It's taken me a few days to get this up, mainly because it's taken me a few days to actually watch the game. Too many other things going on this week in Phoenix (seee: Shaq to the Suns). The US came away with a 2-2 draw against Mexico, in what some Mexican players are referring to as a 'moral victory'. I guess if Mexico sees a tie against the US as a moral victory, it points to the dominance the Americans have displayed in the rivalry as of late.

The game itself was a pretty typical US-Mexico clash, heavy on intensity and chock full of hard fouls, with a total of 6 yellow cards handed out, including one to Michael "It's becoming my American duty to get a yellow card everytime i pull on the US jersey" Bradley. Or maybe we should call him Michael "Yellow card" Bradley. Or Michael "Hard Foul" Bradley. One of those...

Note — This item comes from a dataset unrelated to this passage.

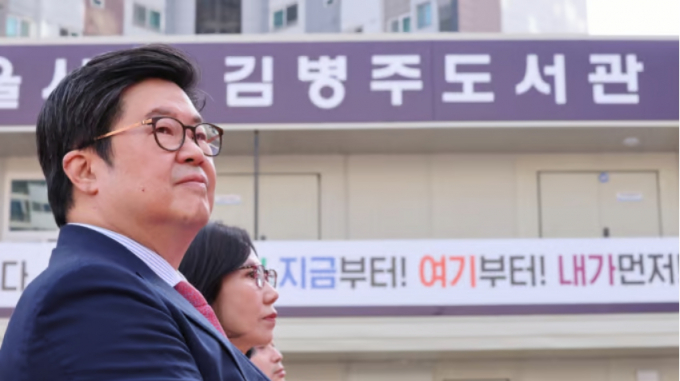 김병주 MBK파트너스 회장과 부인 박경아씨가 지난달 4일 서울 서대문구 북가좌동에서 열린 김병주도서관 착공식에 참석해 행사를 지켜보고 있다./사진=뉴스1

The American's didn't look all that good to me, especially the outside on both sides in back and midfield. While i'm still not completely sold on Gooch in the back, he and Bocanegra make a fairly decent pairing with Bocanegra able to clean up most mistakes. The outside back positions are one of great concern to me however. Corrales did basically zero that i remember him for, which isn't exactly what i'm looking for.

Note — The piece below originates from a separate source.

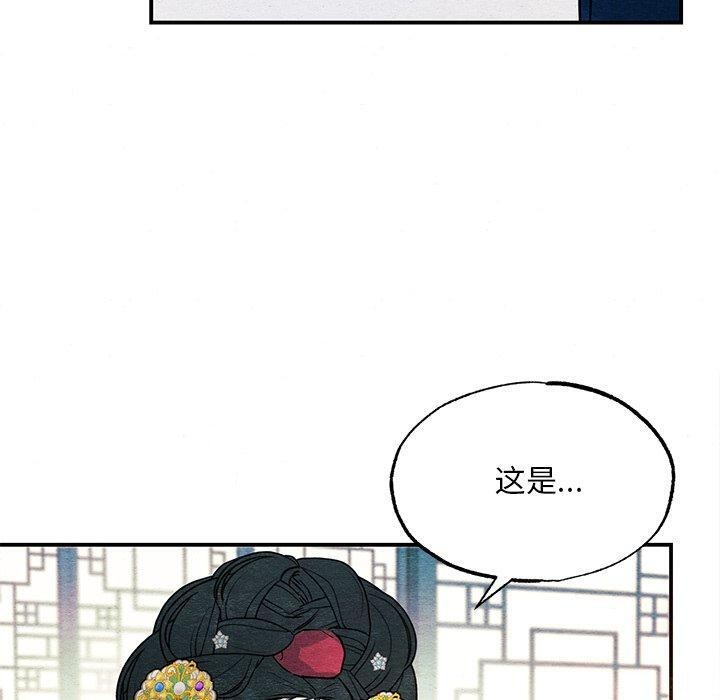 狂眼第65話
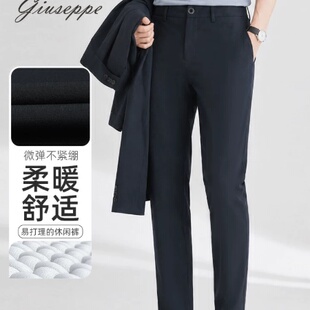 乔治白男士秋季莫代尔垂感显瘦弹力休闲裤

On the other side, right back Drew Moor had several memorable moments, unfortunately most of them were negative. He showed a complete lack of an ability to mark his man on set pieces, which is how Mexico scored both of their goals. And while he did have the assist on Jozy's goal, his play otherwise vacilated between less than stellar and horrible. He had two marking mistakes that led to Mexico's set piece scoring chances, then failed to properly mark his man on both of those set pieces. Not good. The defense in general was unorganized, and gave up way too many shots, especially in the second half.

In the middle, Bradley was his typical tireless self, moving all over the field and constantly working. Unfortunately that didn't translate to a lot of possession and holding, as the Americans in general did a poor job of controlling the ball. Rico Clark, like Corrales, was virtually unnoticeable to me. I would have liked to see Feilhaber and Bradley together, instead of Feilhaber subbing for Bradley. Bobby Convey on the left played ok, though not spectacularly. He again had trouble putting in good crosses, and realistically is not the answer on the outside. And then we have LanDo...

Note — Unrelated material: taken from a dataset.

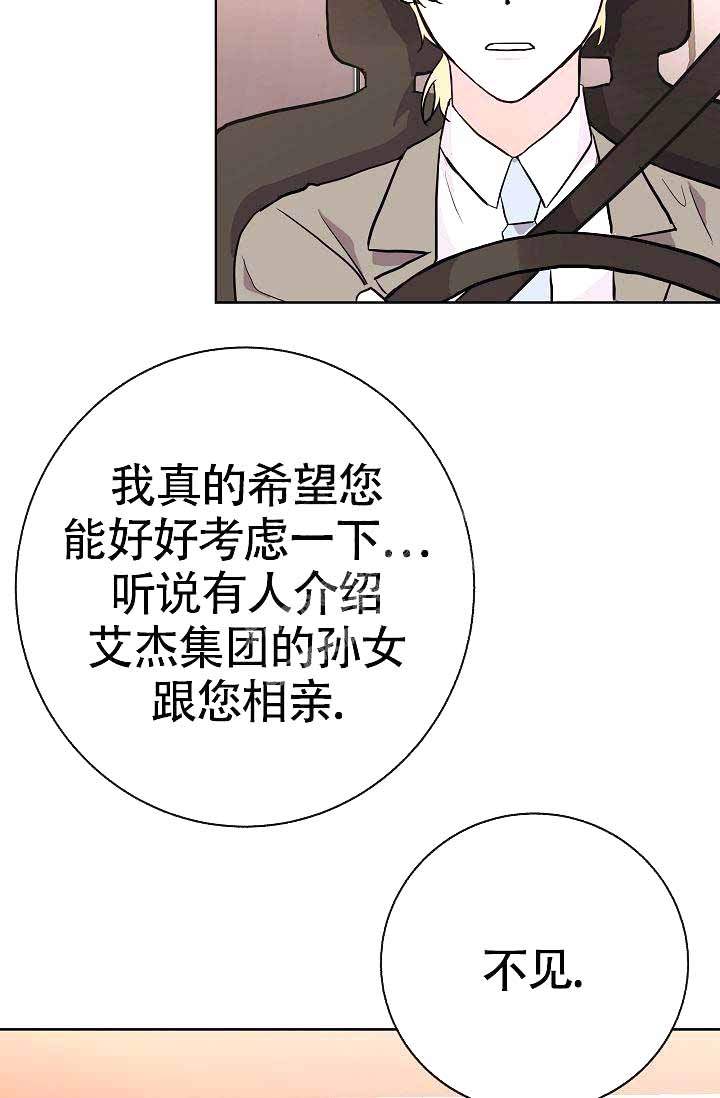 《是我们的孩子》漫画最新章节第14话免费下拉式在线观看章节第【13】张图片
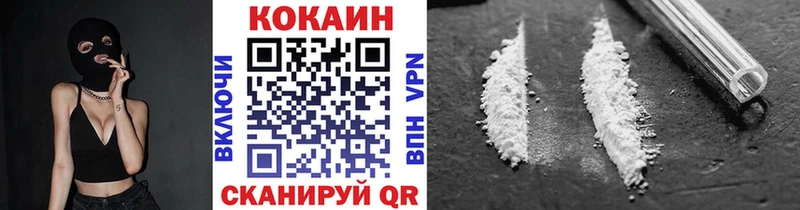 Кокаин 99%  цены наркотик  Струнино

I said in my preview that i would like to see LanDo in midfield, but i want no part of him on the wing in midfield. LanDo needs the ball to be effective, and is best when he is getting the ball and making thigns happen. He's not a traditional striker, though he can score goals in bunches. I still believe his absolute best position is as an attacking center midfielder, though apparently no one on the US coaching staff agrees with me...

Up top i thought Dempsey and Altidore played pretty well. Altidore obviously had the great goal, but played fairly well the rest of the match. He came out a bit timid and unsure of himself the first 15-20 minutes, but settled down and had some nice touches. Dempsey is still the most creative and entertaining US player, and showed off his skills a few times, including his great goal that was ultimately ruled offsides. I think Dempsey and Jozy up top could be a formidable line once they figure out how to work with each other and what their tendencies are.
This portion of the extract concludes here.